Back then, receptionists at the club had to wear black tights, high heels and a cheesy-looking jacket. Love, of course, didn’t have any workout clothes with her. The staff went through the gym’s lost-and-found and dug up a pair of green satin shorts, a sweaty, crust-ridden T-shirt and somebody else’s stinky shoes.

Like a deer in the headlights of a Mack truck, Love reluctantly made her way to the front of the class of 50 people and began flailing about the room like a contestant from So You Think You Can Dance who’s moments away from getting cut. “It was a complete bomb,” she recalls. “One by one, people left the room until only three people were left.”
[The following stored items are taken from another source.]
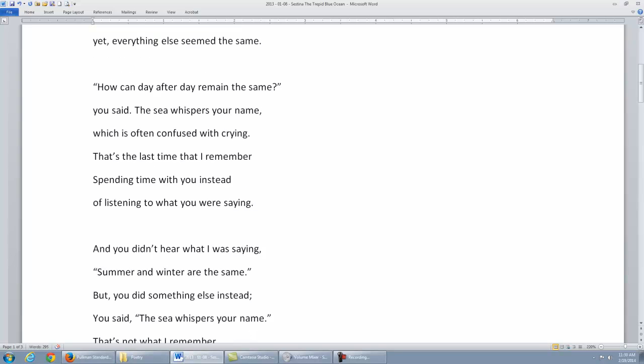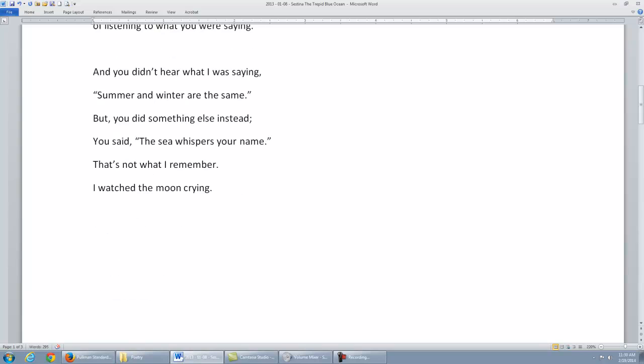what you were saying. And you didn't hear what I was saying. Summer and winter are the same. But you did something else instead. You said, 'The sea whispers your name.' That's not what I remember. I watched the moon...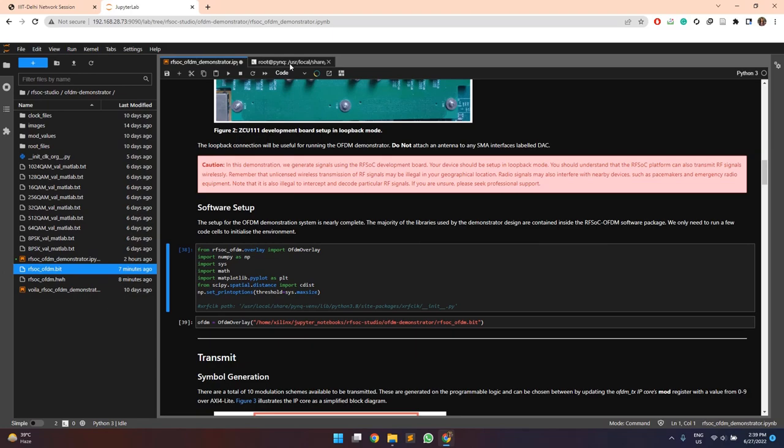Additionally, we need to specify the frequency for which the DAC and ADC tiles need to be configured according to the bit file that you have uploaded.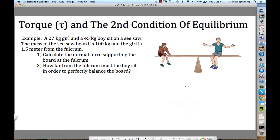Here's a problem. We've got a boy and a girl sitting on a seesaw. The mass of the board is 100 kilograms — draw mg for the board in the center. The girl is on the left, the boy on the right. The girl's mass is 27 kilograms, the boy's is 45 kilograms. The girl is 1.5 meters from the fulcrum. Find the normal force supporting the board, and calculate where the boy must be sitting so that the board doesn't rotate.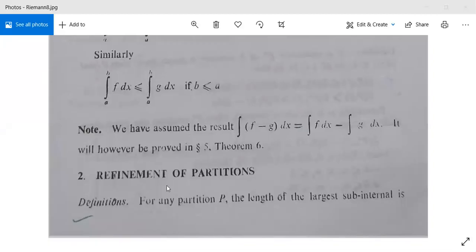Good afternoon to all of you. In our earlier class, we have seen some of the inequalities for Riemann integration. Now we are going to see what is refinement of partitions. First, we will see its definition.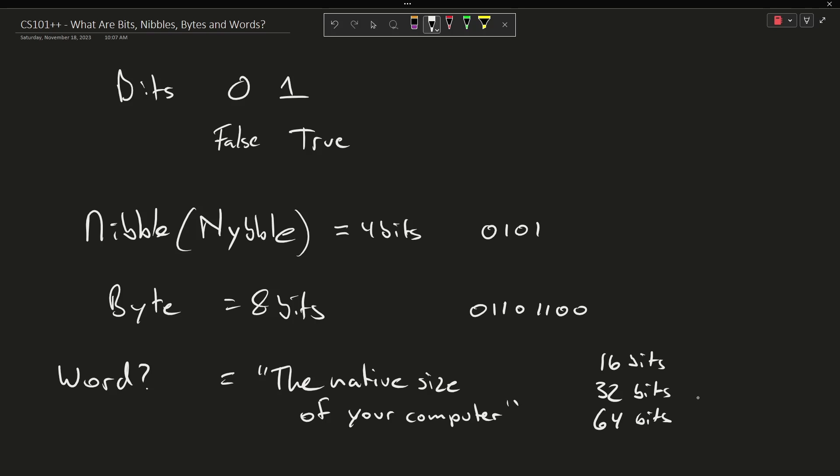And so for the sake of kind of bringing this around, this 64 bits is most computers today are 64-bit computers, and it would be fair to say that is the native word size of most computers is 64 bits, which is 4 bytes.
Complaints from pissed-off people came filing in:

“If that instructors here, I’m not coming!”

“She’s too chatty!”

“She looks like Barbie and can’t teach!”

It was years before Love was given the go-ahead to run another class. Yet, despite the nightmarish experience, she made an important discovery: this was definitely something she could see herself doing.

Over the following few years, Love gradually turned into a fitness fanatic, a move that was spurred on, in part, by the need to combat depression. As a child, she had been part of the Huget Sisters, a local Christian pop-country group made up of Love and her four sisters.

The sister act sang on The Buckshot Show, a longtime local children’s TV series, and even had a brief cameo appearance in the 1988 Jack Palance movie, Ebenezer (the sisters played the part of Christmas carollers).

“We had been called by the media the up-and-coming Canadian artists,” Love says.

Stardom seemed to be a forgone conclusion for Love. “I had been singing since the age of three, so growing up that’s really where I thought I’d end up,” she says.

But in 1998, a record deal that could have rocketed the sisters into the mainstream musical scene went sour, and, with that, Love spiralled into depression.

“It really felt like I was sinking,” she says. “I had been a singer for so long; it had been who I was. When that deal fell apart, my identity fell apart. It made me think: who is Jari?”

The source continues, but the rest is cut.